2-coercive means can only be used by the time strictly indispensable to the
achievement of the objective they aim to achieve, in accordance with the principles of necessity, of the
suitability and proportionality.
3-coercive means, either by their nature or by the form of use, cannot
affect the dignity of the reclusive nor can they be used on disciplinary basis.
4-Prisonal services assure your staff permanent training for a
correct use of coercive means.
Article 95.
Types and conditions of use of coercive means
1-Are coercive means of physical coercion, coating with auxiliary means and weapons.
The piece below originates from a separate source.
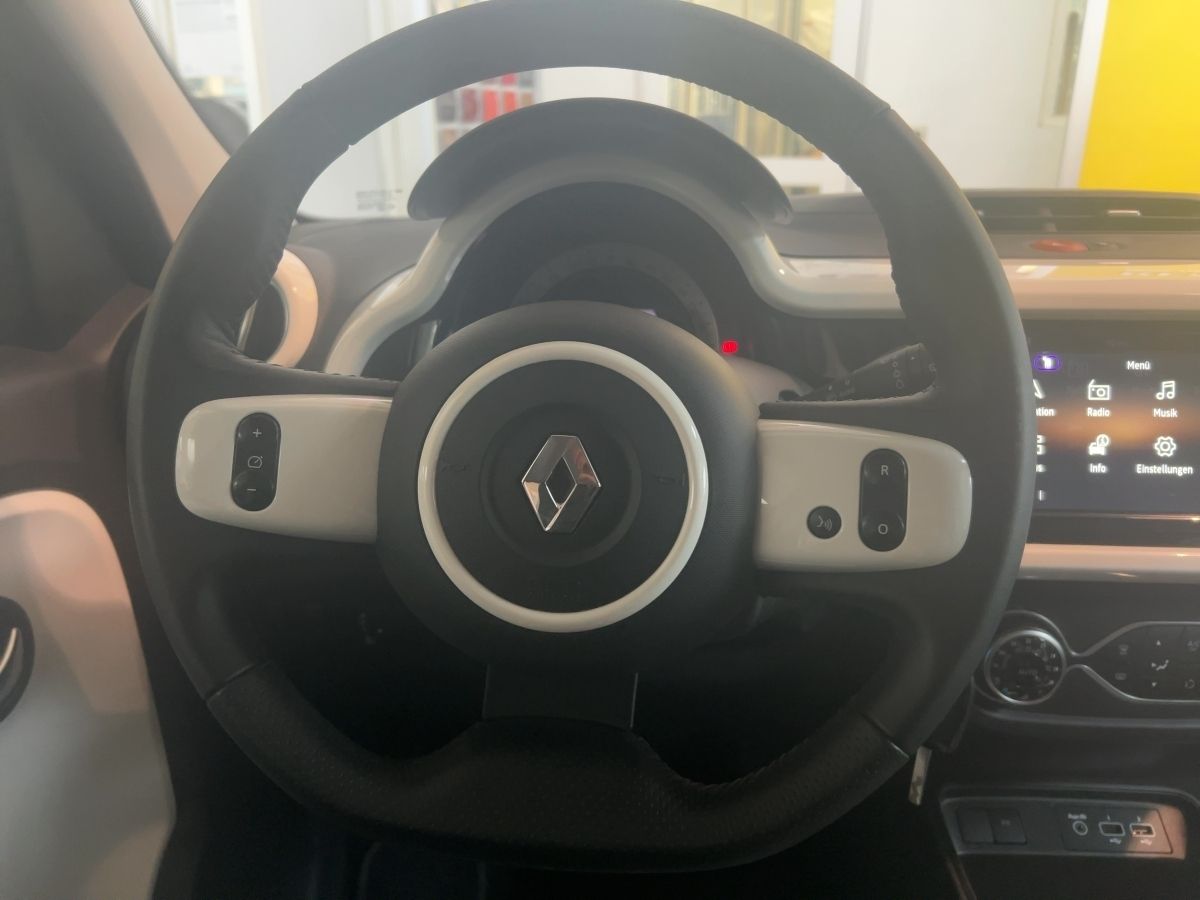 Fahrzeugabbildung Renault Twingo E-TECH Techno GJR SHZ Kamera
2-It is considered physical coaction to which it is exercised on people through use of force
body.
3-The cuffs constitute auxiliary means of the physical coaction.
4-A The use of coercive means is, where possible, preceded by warning.
5-A The use of coercive means is compulsorily followed by medical examination and
inquiry into the circumstances that determined it.
6-In the interior of the prison area, except for the service stick, the waybill is not admitted
of auxiliary means or weapons on the part of prison officials or other persons who
have contact with the inmates.
7-A use of auxiliary means or weapons by the staff of the Corps of the Guard
Prison is only admitted when it is strictly necessary for the safeguard or reposition of the
order and discipline or in the event of self-defense or state of need.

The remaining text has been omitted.